== TO DO ==
Transcribe the following entries word for word. End with the line where "avisanordland_naravis-20050819_000_00_00_024.pdf" appears.

--- DATASET EXCERPTS Enclosed Below ---

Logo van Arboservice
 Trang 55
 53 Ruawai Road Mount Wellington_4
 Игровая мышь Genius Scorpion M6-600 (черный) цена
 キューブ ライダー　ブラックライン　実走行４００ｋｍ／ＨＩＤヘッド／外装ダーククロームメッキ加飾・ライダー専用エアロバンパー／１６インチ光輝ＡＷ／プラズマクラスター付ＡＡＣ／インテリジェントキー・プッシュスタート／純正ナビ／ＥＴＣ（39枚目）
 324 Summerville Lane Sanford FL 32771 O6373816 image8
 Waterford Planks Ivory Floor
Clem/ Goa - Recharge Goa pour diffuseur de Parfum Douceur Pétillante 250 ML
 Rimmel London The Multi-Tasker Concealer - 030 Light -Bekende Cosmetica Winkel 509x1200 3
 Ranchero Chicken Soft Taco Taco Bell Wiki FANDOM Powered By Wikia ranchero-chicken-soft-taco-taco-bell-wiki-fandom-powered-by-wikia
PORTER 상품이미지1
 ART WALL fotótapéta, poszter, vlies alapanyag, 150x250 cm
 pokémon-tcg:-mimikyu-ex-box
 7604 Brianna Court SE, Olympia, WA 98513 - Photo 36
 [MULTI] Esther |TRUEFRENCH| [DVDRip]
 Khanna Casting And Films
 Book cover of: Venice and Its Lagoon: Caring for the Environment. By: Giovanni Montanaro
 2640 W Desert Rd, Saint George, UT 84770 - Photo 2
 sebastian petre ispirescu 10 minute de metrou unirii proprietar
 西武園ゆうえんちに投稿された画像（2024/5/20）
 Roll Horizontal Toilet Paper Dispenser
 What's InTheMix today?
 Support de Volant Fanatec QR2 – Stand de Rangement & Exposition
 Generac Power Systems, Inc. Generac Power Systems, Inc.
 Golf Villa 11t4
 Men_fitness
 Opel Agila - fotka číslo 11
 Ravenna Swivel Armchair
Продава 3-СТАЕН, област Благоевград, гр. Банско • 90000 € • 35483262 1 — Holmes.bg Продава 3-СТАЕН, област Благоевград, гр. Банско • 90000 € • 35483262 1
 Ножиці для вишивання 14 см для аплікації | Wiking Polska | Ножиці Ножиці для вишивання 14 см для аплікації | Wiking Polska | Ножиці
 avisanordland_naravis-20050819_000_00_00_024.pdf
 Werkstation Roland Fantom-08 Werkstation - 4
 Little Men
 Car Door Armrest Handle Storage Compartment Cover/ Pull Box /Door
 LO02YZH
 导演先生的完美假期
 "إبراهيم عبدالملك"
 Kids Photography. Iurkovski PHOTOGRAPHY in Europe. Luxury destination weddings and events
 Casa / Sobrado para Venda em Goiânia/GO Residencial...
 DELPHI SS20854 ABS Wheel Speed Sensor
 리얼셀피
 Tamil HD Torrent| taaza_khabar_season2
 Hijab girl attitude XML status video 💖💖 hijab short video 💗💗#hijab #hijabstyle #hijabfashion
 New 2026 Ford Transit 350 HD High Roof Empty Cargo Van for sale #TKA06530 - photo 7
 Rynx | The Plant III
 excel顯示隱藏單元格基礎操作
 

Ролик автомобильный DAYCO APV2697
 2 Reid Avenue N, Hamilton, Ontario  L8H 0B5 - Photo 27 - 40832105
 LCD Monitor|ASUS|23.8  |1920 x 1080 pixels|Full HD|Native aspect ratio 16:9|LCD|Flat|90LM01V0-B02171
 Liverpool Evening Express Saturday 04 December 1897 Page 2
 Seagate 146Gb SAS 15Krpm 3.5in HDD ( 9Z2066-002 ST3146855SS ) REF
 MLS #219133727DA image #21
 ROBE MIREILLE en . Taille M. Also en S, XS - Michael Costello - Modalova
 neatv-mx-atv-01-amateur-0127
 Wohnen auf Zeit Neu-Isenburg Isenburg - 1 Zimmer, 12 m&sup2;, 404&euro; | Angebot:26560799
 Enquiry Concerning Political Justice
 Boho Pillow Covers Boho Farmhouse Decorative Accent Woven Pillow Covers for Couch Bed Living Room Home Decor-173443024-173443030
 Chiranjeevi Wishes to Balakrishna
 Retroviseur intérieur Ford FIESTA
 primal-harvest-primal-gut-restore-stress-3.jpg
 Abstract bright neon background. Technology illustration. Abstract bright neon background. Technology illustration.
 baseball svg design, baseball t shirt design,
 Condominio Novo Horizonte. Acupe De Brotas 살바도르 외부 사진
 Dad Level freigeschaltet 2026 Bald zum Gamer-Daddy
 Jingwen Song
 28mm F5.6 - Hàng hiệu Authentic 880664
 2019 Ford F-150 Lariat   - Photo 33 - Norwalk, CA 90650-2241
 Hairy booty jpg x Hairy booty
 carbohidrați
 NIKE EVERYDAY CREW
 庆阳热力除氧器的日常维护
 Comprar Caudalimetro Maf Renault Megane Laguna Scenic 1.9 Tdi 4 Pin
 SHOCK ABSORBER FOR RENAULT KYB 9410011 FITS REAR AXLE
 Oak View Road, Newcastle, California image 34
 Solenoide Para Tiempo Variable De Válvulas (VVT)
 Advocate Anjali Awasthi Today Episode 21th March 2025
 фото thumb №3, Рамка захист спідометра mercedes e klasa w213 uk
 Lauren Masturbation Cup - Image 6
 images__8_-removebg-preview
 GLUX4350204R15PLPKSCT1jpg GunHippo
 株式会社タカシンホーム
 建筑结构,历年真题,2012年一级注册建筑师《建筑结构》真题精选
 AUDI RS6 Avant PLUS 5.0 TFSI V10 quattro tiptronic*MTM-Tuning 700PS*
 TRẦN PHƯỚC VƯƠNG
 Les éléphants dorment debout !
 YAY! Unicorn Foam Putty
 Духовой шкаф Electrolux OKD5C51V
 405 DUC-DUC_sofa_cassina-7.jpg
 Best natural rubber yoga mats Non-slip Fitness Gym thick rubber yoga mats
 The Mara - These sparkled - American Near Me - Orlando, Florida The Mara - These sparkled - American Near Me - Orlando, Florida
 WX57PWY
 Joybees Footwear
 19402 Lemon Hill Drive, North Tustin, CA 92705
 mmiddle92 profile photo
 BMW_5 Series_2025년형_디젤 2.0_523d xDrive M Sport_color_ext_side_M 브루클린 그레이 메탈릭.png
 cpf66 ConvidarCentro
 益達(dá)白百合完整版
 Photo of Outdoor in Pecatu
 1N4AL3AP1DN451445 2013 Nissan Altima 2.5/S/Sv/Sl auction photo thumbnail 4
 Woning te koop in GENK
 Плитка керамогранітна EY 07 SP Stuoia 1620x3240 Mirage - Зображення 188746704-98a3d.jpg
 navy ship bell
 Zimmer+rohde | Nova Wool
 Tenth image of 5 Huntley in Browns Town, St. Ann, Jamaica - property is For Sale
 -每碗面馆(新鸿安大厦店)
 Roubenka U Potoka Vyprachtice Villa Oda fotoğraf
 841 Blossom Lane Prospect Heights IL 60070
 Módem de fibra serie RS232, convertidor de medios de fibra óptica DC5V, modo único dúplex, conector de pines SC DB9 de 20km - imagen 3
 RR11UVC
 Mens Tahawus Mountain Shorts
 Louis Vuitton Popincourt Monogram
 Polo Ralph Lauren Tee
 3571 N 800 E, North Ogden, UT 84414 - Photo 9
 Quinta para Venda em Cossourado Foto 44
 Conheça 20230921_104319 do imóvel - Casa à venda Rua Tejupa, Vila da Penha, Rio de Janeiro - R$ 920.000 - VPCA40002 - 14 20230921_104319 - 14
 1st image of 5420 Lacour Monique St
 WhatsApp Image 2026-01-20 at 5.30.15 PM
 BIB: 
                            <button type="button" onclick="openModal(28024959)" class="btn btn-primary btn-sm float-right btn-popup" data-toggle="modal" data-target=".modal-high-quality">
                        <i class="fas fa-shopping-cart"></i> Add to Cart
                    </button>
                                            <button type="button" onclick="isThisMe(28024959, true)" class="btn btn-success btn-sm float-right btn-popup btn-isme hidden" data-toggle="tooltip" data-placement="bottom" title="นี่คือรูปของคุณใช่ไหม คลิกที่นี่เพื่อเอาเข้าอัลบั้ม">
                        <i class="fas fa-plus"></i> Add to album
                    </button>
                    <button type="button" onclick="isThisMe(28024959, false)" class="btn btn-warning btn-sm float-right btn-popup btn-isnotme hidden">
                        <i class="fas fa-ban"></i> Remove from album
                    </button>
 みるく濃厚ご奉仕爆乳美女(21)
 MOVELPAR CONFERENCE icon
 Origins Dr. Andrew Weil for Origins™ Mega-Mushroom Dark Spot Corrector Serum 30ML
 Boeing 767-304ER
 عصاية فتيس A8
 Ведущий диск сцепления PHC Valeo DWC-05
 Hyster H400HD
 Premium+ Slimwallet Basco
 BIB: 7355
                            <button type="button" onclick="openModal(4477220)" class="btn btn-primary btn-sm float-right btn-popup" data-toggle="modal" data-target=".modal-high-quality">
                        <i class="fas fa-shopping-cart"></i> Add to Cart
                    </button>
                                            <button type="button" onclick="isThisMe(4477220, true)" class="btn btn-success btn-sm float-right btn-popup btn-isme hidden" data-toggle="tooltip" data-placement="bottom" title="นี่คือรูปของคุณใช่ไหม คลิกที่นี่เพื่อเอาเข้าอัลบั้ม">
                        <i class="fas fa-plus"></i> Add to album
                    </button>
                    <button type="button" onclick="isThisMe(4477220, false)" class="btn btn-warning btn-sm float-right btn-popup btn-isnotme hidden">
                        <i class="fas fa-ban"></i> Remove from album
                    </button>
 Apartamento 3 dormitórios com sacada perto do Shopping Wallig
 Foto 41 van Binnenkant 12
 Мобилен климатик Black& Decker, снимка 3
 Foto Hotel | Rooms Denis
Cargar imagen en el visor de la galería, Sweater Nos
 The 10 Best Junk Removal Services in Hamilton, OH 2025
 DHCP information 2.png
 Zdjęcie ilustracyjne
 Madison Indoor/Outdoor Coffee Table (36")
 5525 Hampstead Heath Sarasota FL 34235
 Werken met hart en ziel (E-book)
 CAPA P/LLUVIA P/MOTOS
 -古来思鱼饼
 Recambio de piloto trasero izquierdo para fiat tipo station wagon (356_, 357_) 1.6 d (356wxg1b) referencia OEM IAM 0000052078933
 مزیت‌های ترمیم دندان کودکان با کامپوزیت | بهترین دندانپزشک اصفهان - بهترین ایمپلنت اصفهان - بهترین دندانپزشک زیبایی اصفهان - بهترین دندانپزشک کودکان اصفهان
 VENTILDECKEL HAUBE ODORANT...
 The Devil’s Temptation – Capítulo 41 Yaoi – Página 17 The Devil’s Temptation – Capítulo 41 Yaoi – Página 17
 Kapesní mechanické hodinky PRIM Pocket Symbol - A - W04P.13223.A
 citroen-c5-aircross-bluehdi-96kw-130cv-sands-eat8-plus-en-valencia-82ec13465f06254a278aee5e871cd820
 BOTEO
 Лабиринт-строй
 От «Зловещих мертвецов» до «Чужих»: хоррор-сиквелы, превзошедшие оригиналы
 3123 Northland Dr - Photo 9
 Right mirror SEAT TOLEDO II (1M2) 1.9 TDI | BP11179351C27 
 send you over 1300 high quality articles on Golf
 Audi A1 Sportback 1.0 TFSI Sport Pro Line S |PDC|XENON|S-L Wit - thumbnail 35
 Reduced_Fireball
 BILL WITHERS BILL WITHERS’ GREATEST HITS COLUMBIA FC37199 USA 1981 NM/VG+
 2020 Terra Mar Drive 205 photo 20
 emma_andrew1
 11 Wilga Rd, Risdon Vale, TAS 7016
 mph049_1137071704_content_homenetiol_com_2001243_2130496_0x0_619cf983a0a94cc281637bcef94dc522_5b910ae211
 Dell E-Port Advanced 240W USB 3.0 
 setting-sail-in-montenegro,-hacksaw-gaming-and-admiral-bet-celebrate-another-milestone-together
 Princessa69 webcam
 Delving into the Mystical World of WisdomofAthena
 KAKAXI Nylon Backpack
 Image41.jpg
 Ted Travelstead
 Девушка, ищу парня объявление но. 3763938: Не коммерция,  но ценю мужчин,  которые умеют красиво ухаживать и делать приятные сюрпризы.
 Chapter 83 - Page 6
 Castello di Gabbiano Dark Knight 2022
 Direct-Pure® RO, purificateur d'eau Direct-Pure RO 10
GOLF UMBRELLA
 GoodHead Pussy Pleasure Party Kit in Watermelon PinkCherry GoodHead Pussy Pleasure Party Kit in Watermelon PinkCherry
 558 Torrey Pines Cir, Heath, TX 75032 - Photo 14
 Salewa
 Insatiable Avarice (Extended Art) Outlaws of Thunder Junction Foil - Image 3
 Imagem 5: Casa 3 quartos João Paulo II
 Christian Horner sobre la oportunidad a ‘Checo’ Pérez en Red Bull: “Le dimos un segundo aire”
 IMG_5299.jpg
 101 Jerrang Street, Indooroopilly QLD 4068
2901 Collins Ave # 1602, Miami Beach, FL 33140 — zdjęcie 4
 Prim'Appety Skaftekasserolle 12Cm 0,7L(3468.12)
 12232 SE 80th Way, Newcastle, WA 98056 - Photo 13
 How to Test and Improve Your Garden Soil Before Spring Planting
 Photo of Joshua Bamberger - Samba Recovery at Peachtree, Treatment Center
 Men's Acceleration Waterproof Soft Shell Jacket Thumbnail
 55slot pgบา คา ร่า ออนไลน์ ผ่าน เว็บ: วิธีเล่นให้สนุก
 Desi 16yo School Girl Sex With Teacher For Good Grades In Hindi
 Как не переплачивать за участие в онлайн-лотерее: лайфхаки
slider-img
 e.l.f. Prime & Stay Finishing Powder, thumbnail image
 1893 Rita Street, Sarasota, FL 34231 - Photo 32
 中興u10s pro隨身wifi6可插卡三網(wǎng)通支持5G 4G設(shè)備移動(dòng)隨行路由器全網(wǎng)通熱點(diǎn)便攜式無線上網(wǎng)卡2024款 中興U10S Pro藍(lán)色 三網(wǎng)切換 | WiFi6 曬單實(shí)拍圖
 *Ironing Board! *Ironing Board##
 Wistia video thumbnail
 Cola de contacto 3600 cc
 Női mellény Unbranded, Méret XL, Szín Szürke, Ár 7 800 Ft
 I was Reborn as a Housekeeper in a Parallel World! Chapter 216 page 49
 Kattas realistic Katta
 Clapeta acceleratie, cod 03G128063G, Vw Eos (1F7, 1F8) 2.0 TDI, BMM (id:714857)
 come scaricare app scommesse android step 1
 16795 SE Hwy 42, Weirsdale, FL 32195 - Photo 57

--- End of Enclosed DATASET EXCERPTS ---

== SOLUTION ==
Logo van Arboservice
 Trang 55
 53 Ruawai Road Mount Wellington_4
 Игровая мышь Genius Scorpion M6-600 (черный) цена
 キューブ ライダー　ブラックライン　実走行４００ｋｍ／ＨＩＤヘッド／外装ダーククロームメッキ加飾・ライダー専用エアロバンパー／１６インチ光輝ＡＷ／プラズマクラスター付ＡＡＣ／インテリジェントキー・プッシュスタート／純正ナビ／ＥＴＣ（39枚目）
 324 Summerville Lane Sanford FL 32771 O6373816 image8
 Waterford Planks Ivory Floor
Clem/ Goa - Recharge Goa pour diffuseur de Parfum Douceur Pétillante 250 ML
 Rimmel London The Multi-Tasker Concealer - 030 Light -Bekende Cosmetica Winkel 509x1200 3
 Ranchero Chicken Soft Taco Taco Bell Wiki FANDOM Powered By Wikia ranchero-chicken-soft-taco-taco-bell-wiki-fandom-powered-by-wikia
PORTER 상품이미지1
 ART WALL fotótapéta, poszter, vlies alapanyag, 150x250 cm
 pokémon-tcg:-mimikyu-ex-box
 7604 Brianna Court SE, Olympia, WA 98513 - Photo 36
 [MULTI] Esther |TRUEFRENCH| [DVDRip]
 Khanna Casting And Films
 Book cover of: Venice and Its Lagoon: Caring for the Environment. By: Giovanni Montanaro
 2640 W Desert Rd, Saint George, UT 84770 - Photo 2
 sebastian petre ispirescu 10 minute de metrou unirii proprietar
 西武園ゆうえんちに投稿された画像（2024/5/20）
 Roll Horizontal Toilet Paper Dispenser
 What's InTheMix today?
 Support de Volant Fanatec QR2 – Stand de Rangement & Exposition
 Generac Power Systems, Inc. Generac Power Systems, Inc.
 Golf Villa 11t4
 Men_fitness
 Opel Agila - fotka číslo 11
 Ravenna Swivel Armchair
Продава 3-СТАЕН, област Благоевград, гр. Банско • 90000 € • 35483262 1 — Holmes.bg Продава 3-СТАЕН, област Благоевград, гр. Банско • 90000 € • 35483262 1
 Ножиці для вишивання 14 см для аплікації | Wiking Polska | Ножиці Ножиці для вишивання 14 см для аплікації | Wiking Polska | Ножиці
 avisanordland_naravis-20050819_000_00_00_024.pdf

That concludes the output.